— Да будет свет! — насмешливо произнесла она, чиркая спичкой.

Сваленные в беспорядке предметы и увешанные картинами стены вокруг нее приняли призрачные очертания. Она поставила один подсвечник на подоконник, один на кухонный стол и один на свой ночной столик, потом села и распаковала сверток.

Шкатулка была очень старой. Дерево было настолько истертым, что смотрелось как гладкая отполированная фанера. Роспись на крышке выцвела и была тусклой. Но внутри лежали двенадцать прекрасных сверкающих тюбиков с краской, упакованных каждый в глянцевую белую бумагу, на которой красивыми мелкими буквами были выведены на чужом языке названия. Она не могла прочитать то, что там было написано, но это не имело значения. Стоило повернуть колпачок на каждом тюбике, и появлялась краска: охра, умбра, светло-вишневая, желтый кадмий, шафрановая, берлинская лазурь, сажа, белая… и каждая из них необыкновенно красивая. Как мечты и грезы.

С бьющимся от нетерпения сердцем Джейми натянула на мольберт свежий холст. Она начнет сейчас же, немедленно, не теряя ни минуты, ни секунды. На этот раз у нее все получится. Непременно.
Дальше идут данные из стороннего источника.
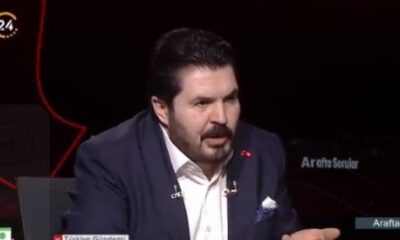 Savcı Sayan: “Deniz Baykal’a sağlık operasyonu yapıldı!.”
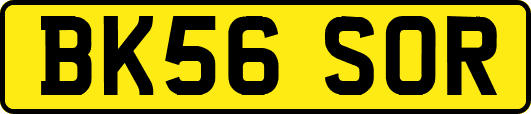 BK56SOR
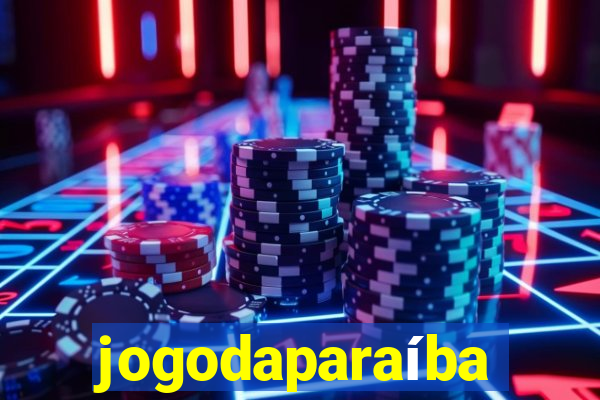 jogodaparaíba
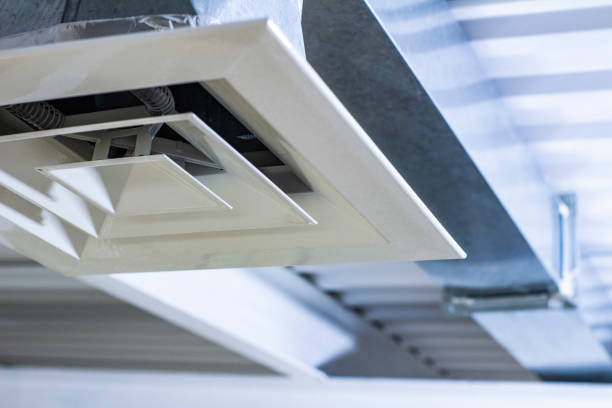 Best Air Duct Cleaning Near Me  in Cutlerville, MI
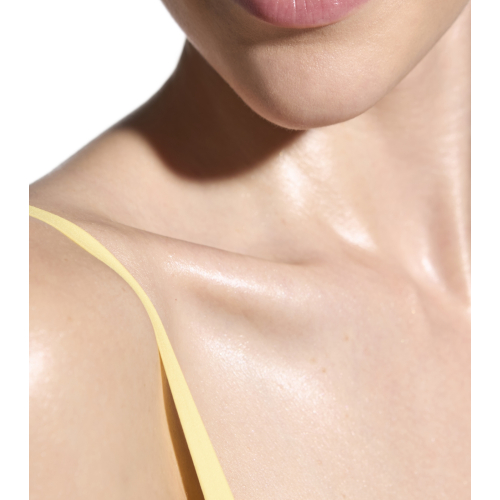 Byphasse - Huile corporelle scintillante - Glow Sunshine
Как только она открыла краски, свет и тени замелькали в ее воображении, соединившись в образы, которые никогда не представлялись ей до сих пор. Она ничего не придумывала. Все получалось само собой, приобретало форму и набирало силу. Неудержимый импульс, рожденный в мозгу, передавался кончикам пальцев.

Держа в руке кисть, она делала один уверенный мазок за другим, позволяя краске вести себя. Ей грезились формы и образы будущей картины. Она находилась словно в трансе, позволив себе отключиться от реальности, войти в другое измерение, в другое состояние… следуя все дальше и дальше к чему-то таинственному. Ее рука подчинялась своей собственной воле. Холст расцвечивался, контуры возникали и перемещались. Краски струились, лаская грубую ткань холста. Холст теплел и оживал под поцелуями кисти и краски.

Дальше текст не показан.